Travail ou devoir?

Nos gouvernants actuels nous encouragent à un travail commémoratif de l'évènement que l'on qualifie de Shoah. Le 27 janvier a été officiellement décrété Journée de la mémoire de l'holocauste et de la Prévention des crimes contre l'humanité.

Doit-on se contenter de cette journée comme un devoir qui nous serait imposé, ou doit-on s'efforcer d'avoir une réflexion construite sur les évènements passés et en faire un véritable travail de la mémoire collective?

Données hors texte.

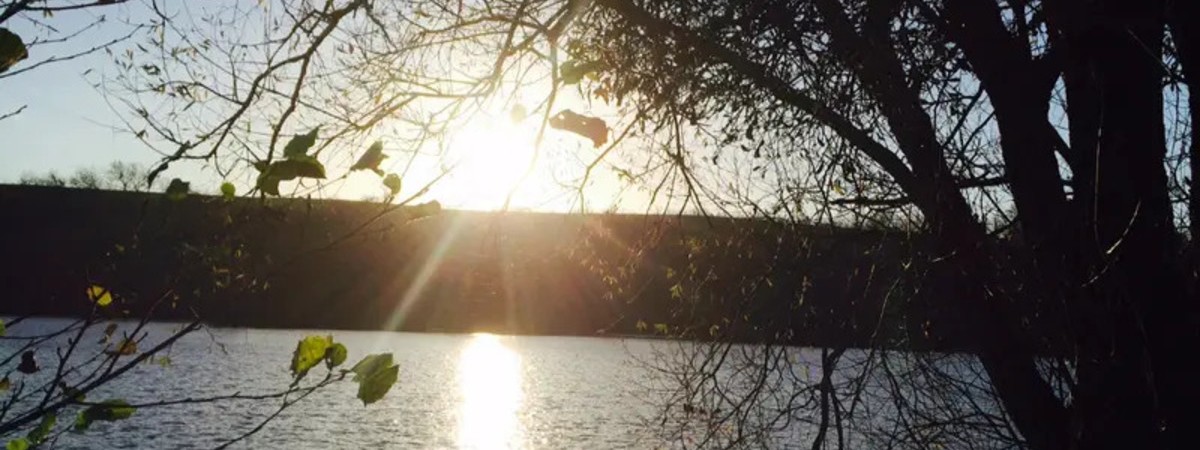 Vue sur lac de sauville 08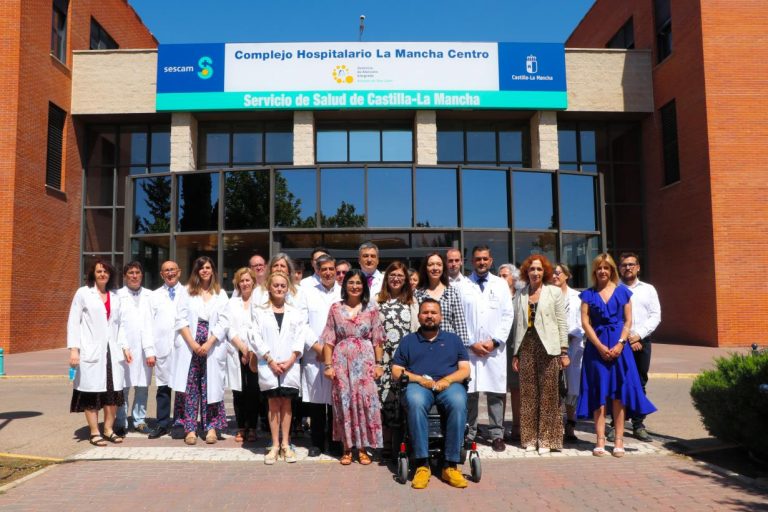 El Gobierno regional destaca los excelentes resultados logrados con el programa de atención integrada de la Unidad de ELA de la Gerencia de Alcázar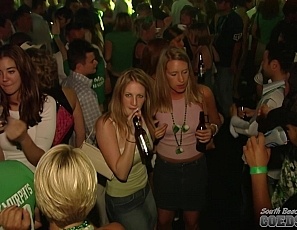 031704_spring_break_wet_tshirt_contest_from_march_17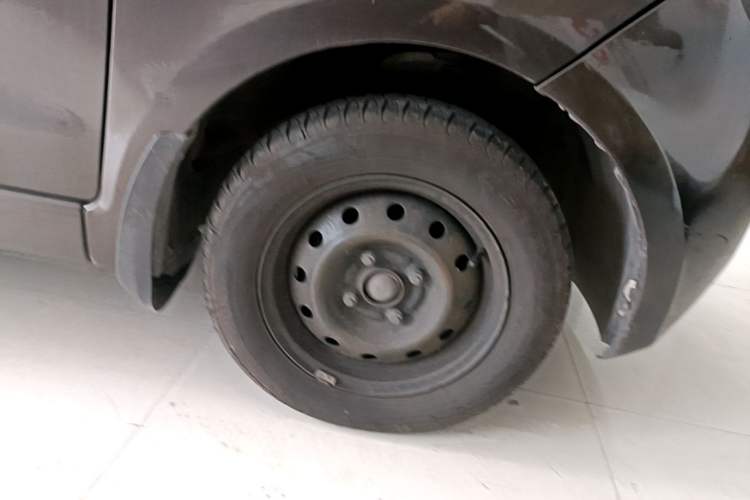 Used Dongfeng Fengon 330 2016 1.2L Manual Base Version DK12-07 Right Front Wheel Hub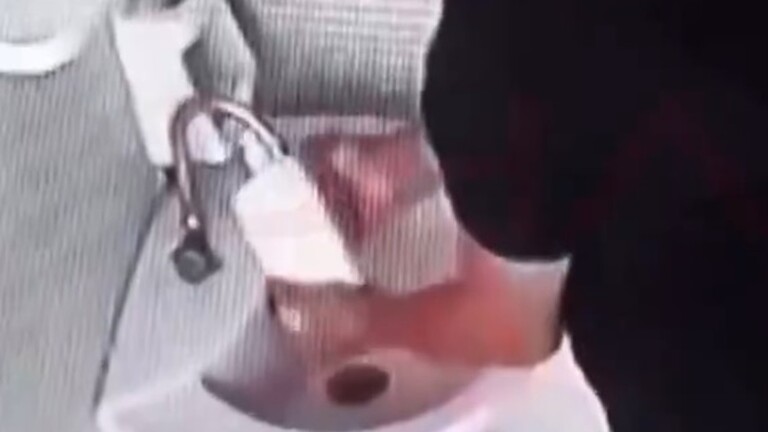 فيديو/ ثري يسرق صابونة من حمام مسجد!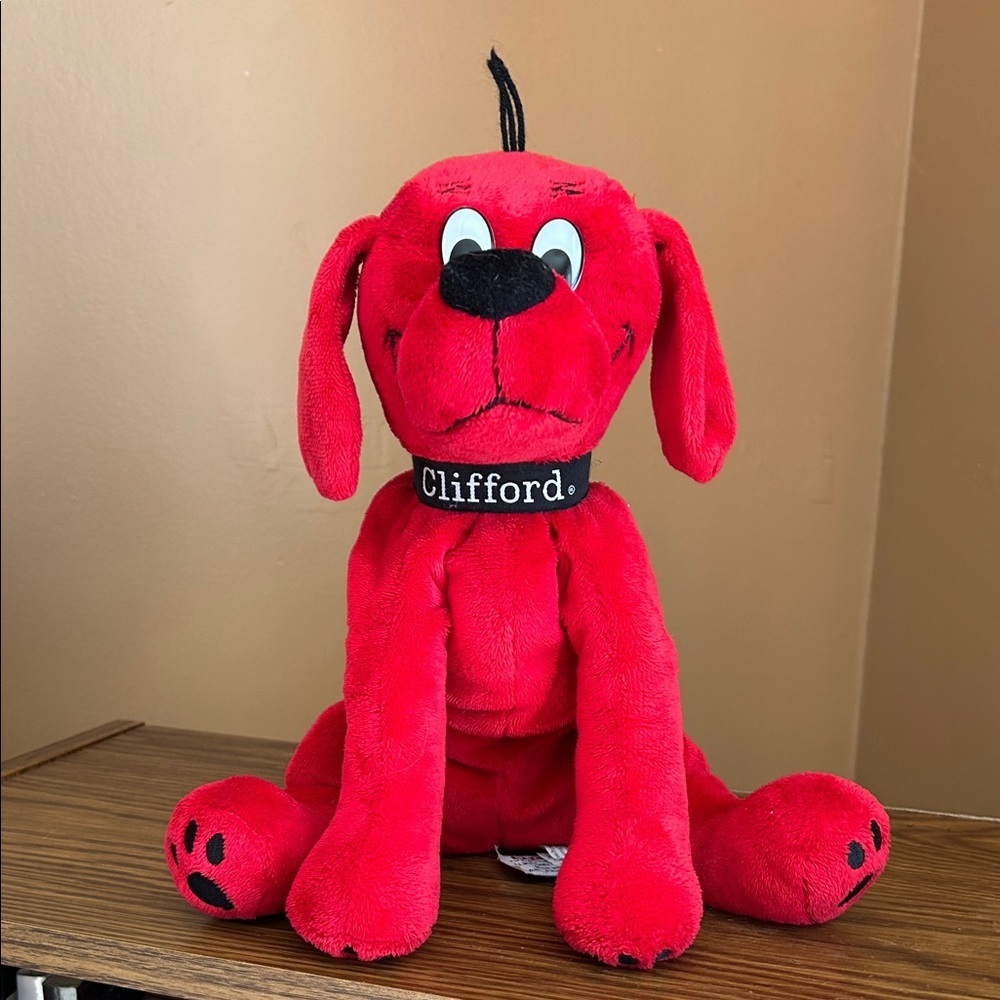 Scholastic Clifford Red Plush Dog Toy 2013 10 inches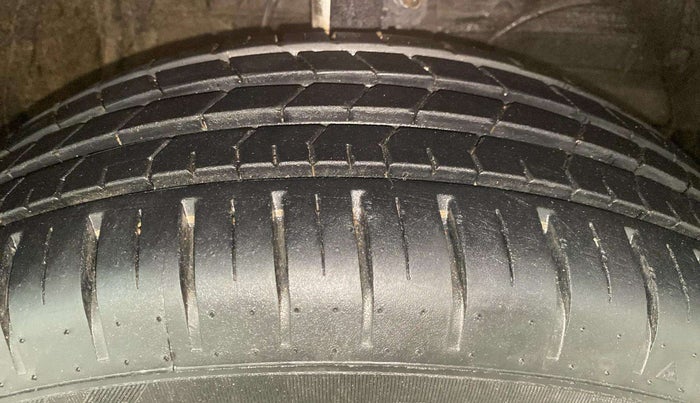 2024 Maruti Baleno ZETA 1.2 AGS, Petrol, Automatic, 1,025 km, Right Front Tyre Tread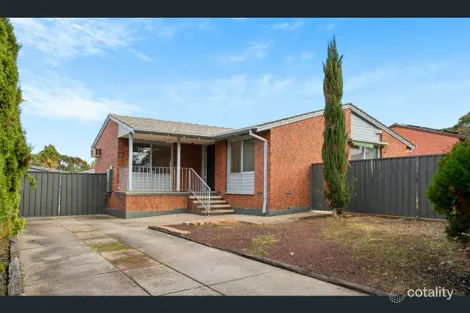Property photo of 19 Louise Crescent Morphett Vale SA 5162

Tout d'abord que personne ne se méprenne: j'ai le plus grand respect pour ce gouvernement qui se dit préoccupé de la perpétuation de la mémoire de la Shoah, à une époque où celle-ci est officiellement remise en cause non seulement par des groupuscules et des courants de pensée au sein de notre propre nation, mais également par un pays du proche orient, l'Iran pour ne pas le nommer.

Nous vivons également la période charnière ou malheureusement les derniers témoins survivants de l'holocauste s'éteignent. Qu'en sera-t-il dans quelques décennies? le mot révisionnisme disparaitra-t-il du vocabulaire? Peut-être qu'il existera tout simplement deux écoles de pensées qui s'affronteront dans des débats ou des conversations de salon.

Quel que soit le nom qu'on lui donne, devoir, travail, il est de notre responsabilité de faire vivre le souvenir de la Shoah, de le porter sans cesse à la connaissance du monde afin bien sur que tous sachent ce dont l'homme est capable lorsqu'il libère ses instincts les plus bas,mais également pour honorer les morts pour qu"ils survivent dans nos mémoires.

Il est de notre devoir de refuser la disparition de ces événements de notre mémoire, et c'est un devoir que nous avons d'abord envers les victimes. C'est pourquoi nous emmenons des jeunes sur le site d'Auschwitz-Birkenau, de manière à leur montrer, de manière à provoquer le choc qui fera qu'ils n'oublieront pas et qu'ils transmettront eux-mêmes.

Ce but se suffit à lui-même, mails il existe une autre motivation, dont dépend peut-être l'avenir de notre civilisation occidentale. Nous avons besoin de savoir que la Shoah s'est produite, nous avons besoin d'essayer de comprendre les mécanismes capables de transformer une nation brillante et policée en machine à exterminer, car d'autres holocaustes se produisent sur notre planète, et si nous voulons conserver notre dignité, notre humanité, nous devons les empêcher.

Je n'en ferai pas la liste exhaustive, mais au vu et au su de tous, notre siècle débute sur le génocide du Darfour. Un génocide d'état, qui se déroule dans la quasi-indifférence générale. C'est en éduquant notre jeunesse,en lui faisant comprendre que à tout moment la menace existe et peut se concrétiser, que nous lui permettrons de lutter contre cette menace.